È già da un po’ che i produttori di pannelli OLED stanno cercando di correre ai ripari perseguitati dalla leggenda del burn-in. I produttori si stanno impegnando per sviluppare schermi che possano essere sempre più longevi, aiutati da una completa maturità di questi e non solo. Infatti, a giocare un ruolo importantissimo sono anche le diverse tecnologie che sono state utilizzate per riuscire a “pulire” lo schermo dopo il suo utilizzo. Ebbene sì, il burn-in non è solo una leggenda metropolitana e inoltre, consiste ancora oggi in un problema presente e reale.

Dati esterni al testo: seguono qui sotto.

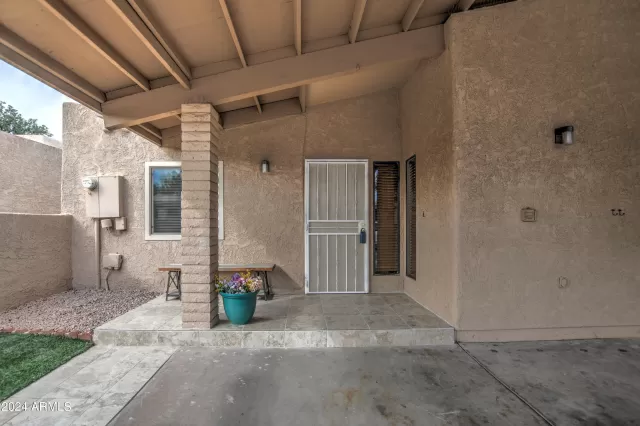 MLS: 6669939 Condo For Sale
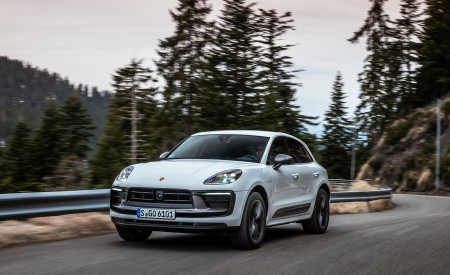 2023 Porsche Macan T (Color: Pure White) Front Three-Quarter Wallpapers 450x275 (18)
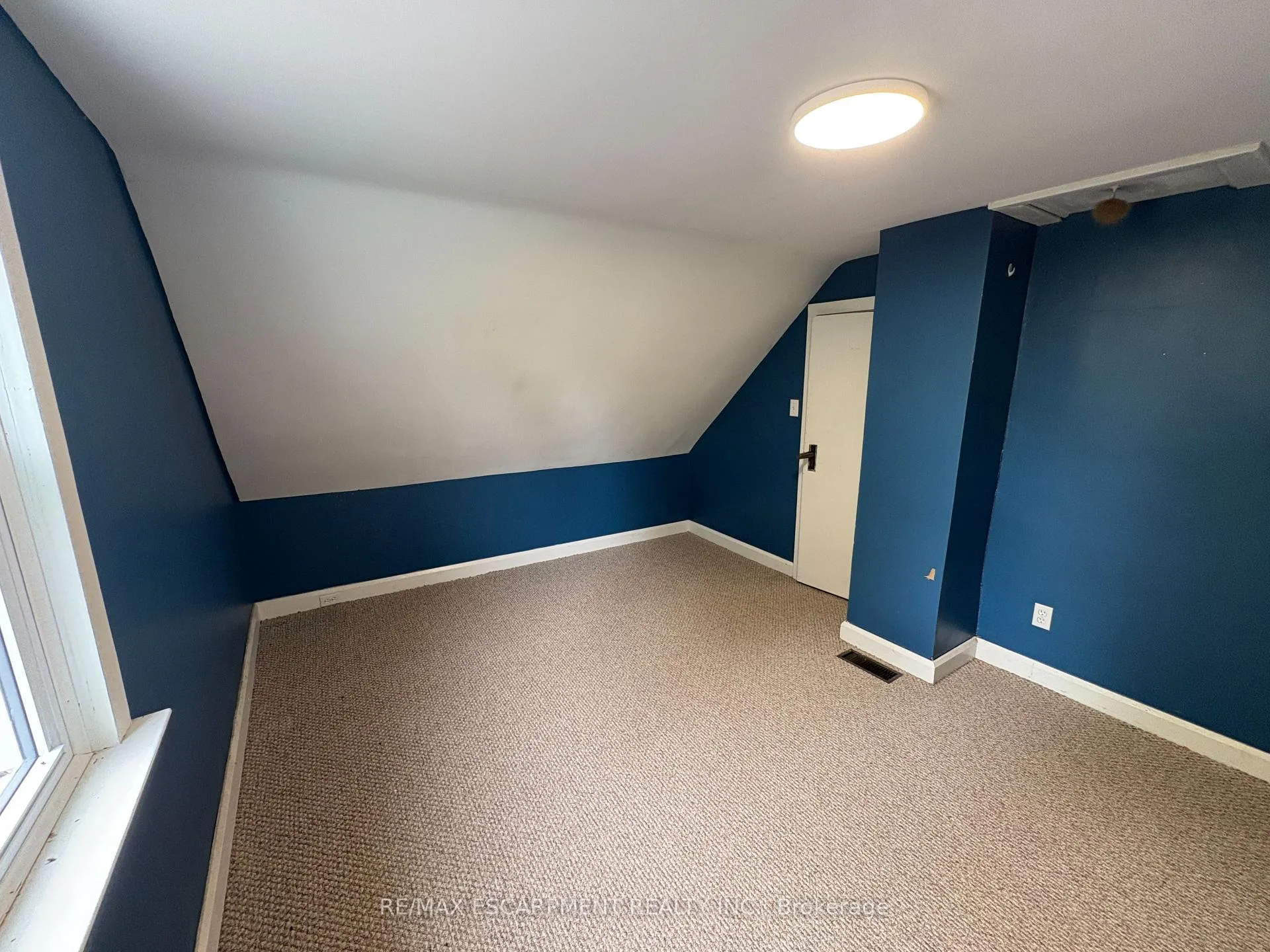 Photo 21 of 1413 Station Street, Pelham, Fonthill — HOMEH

Infatti, nonostante gli interventi messi in atto per riuscire a contrastare questo fenomeno il burn-in non è ancora diventato un lontano ricordo. Se si intende acquistare un OLED bisogna dunque mettere in conto questa eventualità, anche se col tempo sta diventando sempre più remota.

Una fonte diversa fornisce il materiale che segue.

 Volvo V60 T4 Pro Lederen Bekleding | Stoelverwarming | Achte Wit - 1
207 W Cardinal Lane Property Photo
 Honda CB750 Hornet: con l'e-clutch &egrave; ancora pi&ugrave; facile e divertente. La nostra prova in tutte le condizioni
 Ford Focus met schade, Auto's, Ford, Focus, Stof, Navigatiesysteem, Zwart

Ma in cosa consiste il burn-in e cosa lo provoca? Si parla della ritenzione dell’immagine che avviene sullo schermo è si realizza a soprattutto a causa di un’eccessiva usura di alcuni specifici subpixel.
Inoltre, un ulteriore fattore decisamente importante è la luminosità massima. È per questo che i produttori, tra i diversi provvedimenti apportati, hanno inserito anche un limite per la luminosità massima che si può raggiungere. Questa al momento è stata attestata circa intorno al 70%. L’intervento non incide eccessivamente sull’esperienza totale di visione, grazie soprattutto alla presenza di alcuni sistemi che negli anni sono riusciti a contribuire ad aumentare la luminanza.Inoltre, per i nuovi schermi più recenti, è stata introdotta anche una funzionalità fornita dai cosiddetti cicli di compensazione. La funzione viene attivata in modo automatico dagli schermi stessi e agisce cercando di riequilibrare i livelli di luminosità dei diversi pixel al fine di garantire un deterioramento dello schermo più uniforme possibile.
Infine, un altro fattore che contribuisce a perpetuare questo fenomeno è il calore. Non a caso, sono sempre di più i brand che stanno iniziando a pubblicizzare la capacità dei propri pannelli di dissipazione. Molti di questi ormai hanno raggiunto livelli di dispersione del calore estremamente elevati. E soprattutto, dettaglio fondamentale, riescono a farlo in modo uniforme su tutta la superficie del dispositivo.